Recorded data section start

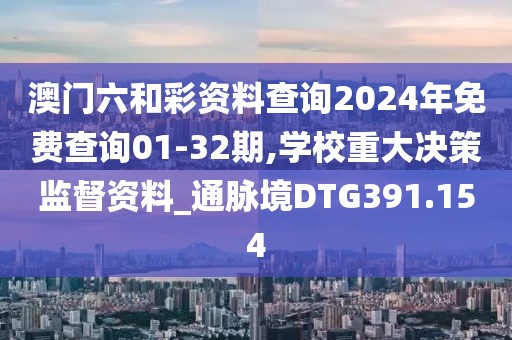 澳門(mén)六和彩資料查詢2024年免費(fèi)查詢01-32期,學(xué)校重大決策監(jiān)督資料_通脈境DTG391.154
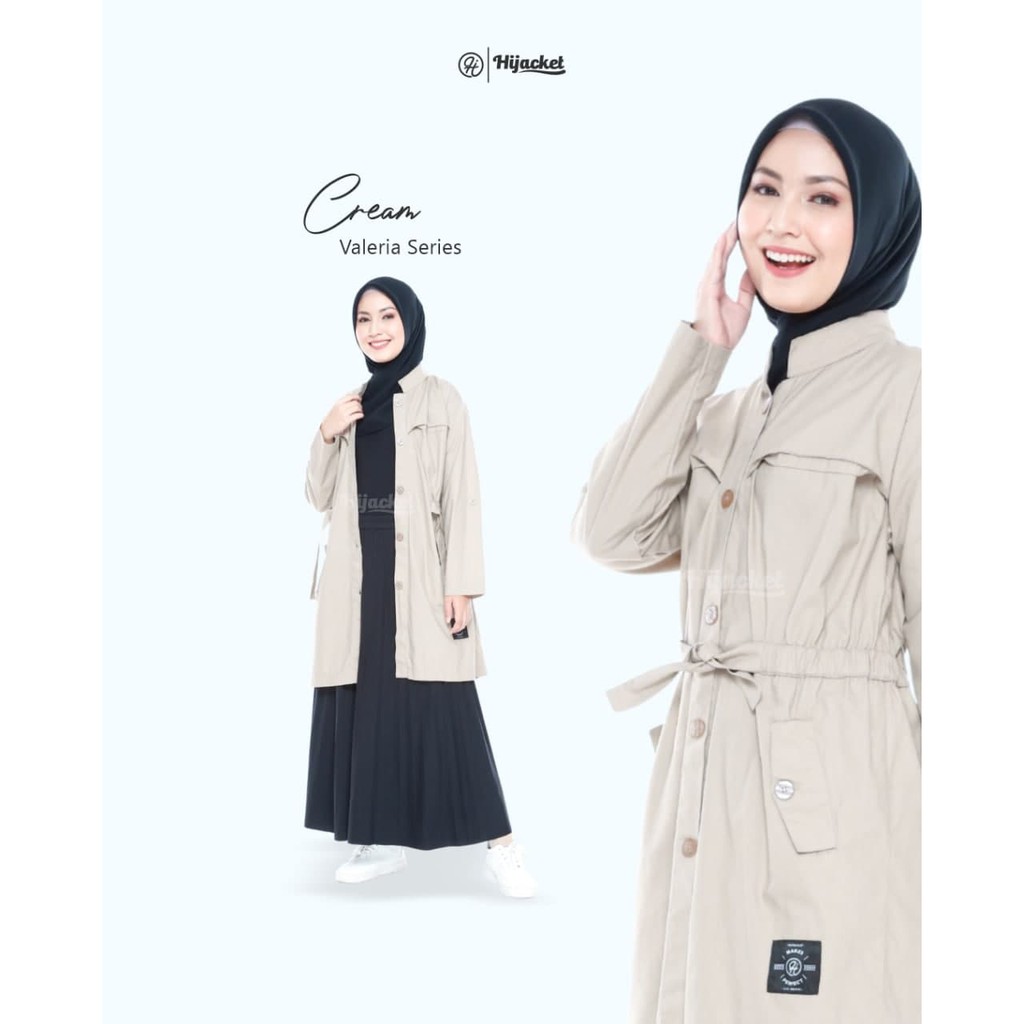JAKET WANITA MUSLIMAH HIJACKET VALERIA / JAKET HIJABER / HIJAKE VALERIA-7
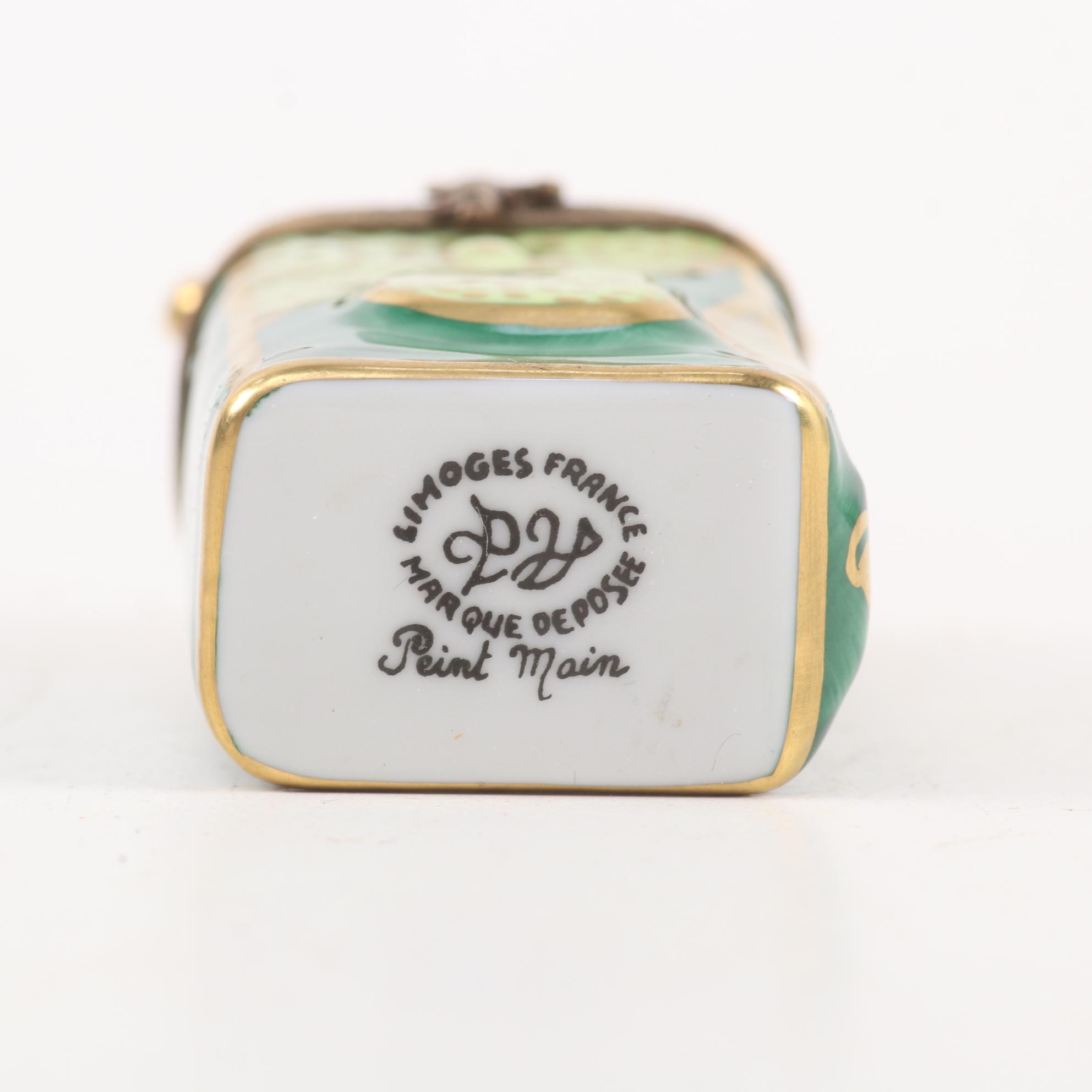 Parry Vielle Hand-Painted Golf Bag Porcelain Limoges Box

Recorded data section end

**What this task involves**
Would you return the material above exactly, apart from its pictures?

**Solution below**
 澳門(mén)六和彩資料查詢2024年免費(fèi)查詢01-32期,學(xué)校重大決策監(jiān)督資料_通脈境DTG391.154
JAKET WANITA MUSLIMAH HIJACKET VALERIA / JAKET HIJABER / HIJAKE VALERIA-7
 Parry Vielle Hand-Painted Golf Bag Porcelain Limoges Box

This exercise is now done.